Oaktree, fondo californiano subentrato dopo il mancato rimborso del finanziamento da parte di Steven Zhang e Suning, ha scelto di non stravolgere il progetto sportivo ereditato. Nessuna dieta drastica, nessun ridimensionamento, ma una gestione attenta che ha confermato la struttura dirigenziale, promuovendo Marotta a presidente e rinnovando i contratti dei pilastri della rosa. La squadra, in corsa su tutti i fronti, punta a riconfermarsi in Italia e a proseguire il suo cammino in Champions League, senza rinunciare a un mercato estivo che potrebbe riservare sorprese.

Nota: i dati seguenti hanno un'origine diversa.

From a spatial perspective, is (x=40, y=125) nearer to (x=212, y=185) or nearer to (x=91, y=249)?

Tra le priorità, c’è il svecchiamento della rosa. L’età media dei titolari, come evidenziato da Marotta, rappresenta un limite che il club intende superare. Non si parla di una rivoluzione, ma di un’operazione mirata che potrebbe portare alla partenza di un big, il cui nome è ancora avvolto nel mistero. L’obiettivo è bilanciare esperienza e freschezza, mantenendo alta la competitività senza gravare eccessivamente sul monte ingaggi, già il più alto della Serie A con 140 milioni lordi.

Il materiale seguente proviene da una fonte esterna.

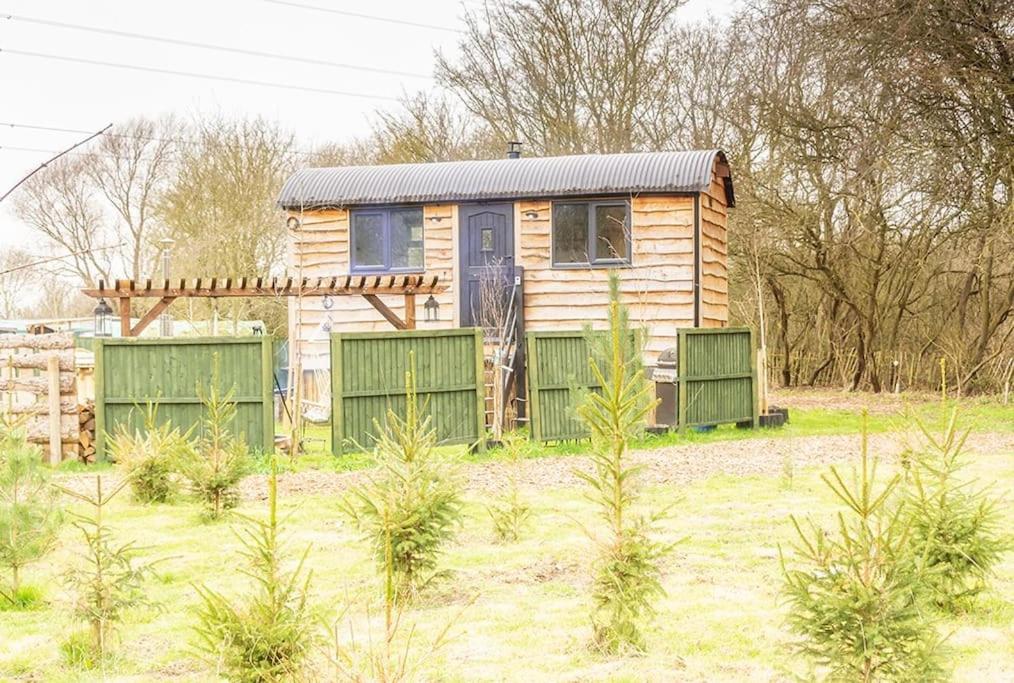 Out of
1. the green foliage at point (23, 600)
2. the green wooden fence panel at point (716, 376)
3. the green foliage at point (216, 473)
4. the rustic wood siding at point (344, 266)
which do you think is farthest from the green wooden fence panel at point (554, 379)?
the green foliage at point (23, 600)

Parallelamente, Oaktree punta a rafforzare il settore giovanile. L’avvio dell’Under 23, che giocherà a Monza, rappresenta un tassello importante di questa strategia. Sebbene manchino ancora il naming e la figura dell’allenatore, il progetto è ufficialmente partito, con l’obiettivo di creare un vivaio capace di alimentare la prima squadra.

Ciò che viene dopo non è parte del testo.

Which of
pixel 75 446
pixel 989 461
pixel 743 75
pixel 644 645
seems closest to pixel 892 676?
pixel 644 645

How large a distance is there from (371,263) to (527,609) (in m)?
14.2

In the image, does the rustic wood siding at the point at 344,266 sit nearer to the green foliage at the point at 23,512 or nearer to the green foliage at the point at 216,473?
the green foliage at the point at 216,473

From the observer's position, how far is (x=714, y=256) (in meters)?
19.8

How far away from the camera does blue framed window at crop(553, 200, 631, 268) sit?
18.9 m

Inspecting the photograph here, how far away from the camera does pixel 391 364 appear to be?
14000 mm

Sul mercato, l’Inter non tornerà a spendere cifre folli, ma non rinuncerà a investimenti mirati. Marotta ha lasciato intendere che alcuni paletti verranno mantenuti, mentre altri cadranno, in un’ottica di equilibrio tra sostenibilità finanziaria e ambizioni sportive. Tra i profili caldi, ci sono quelli di Castro e Paz, considerati difficili ma non impossibili da acquisire.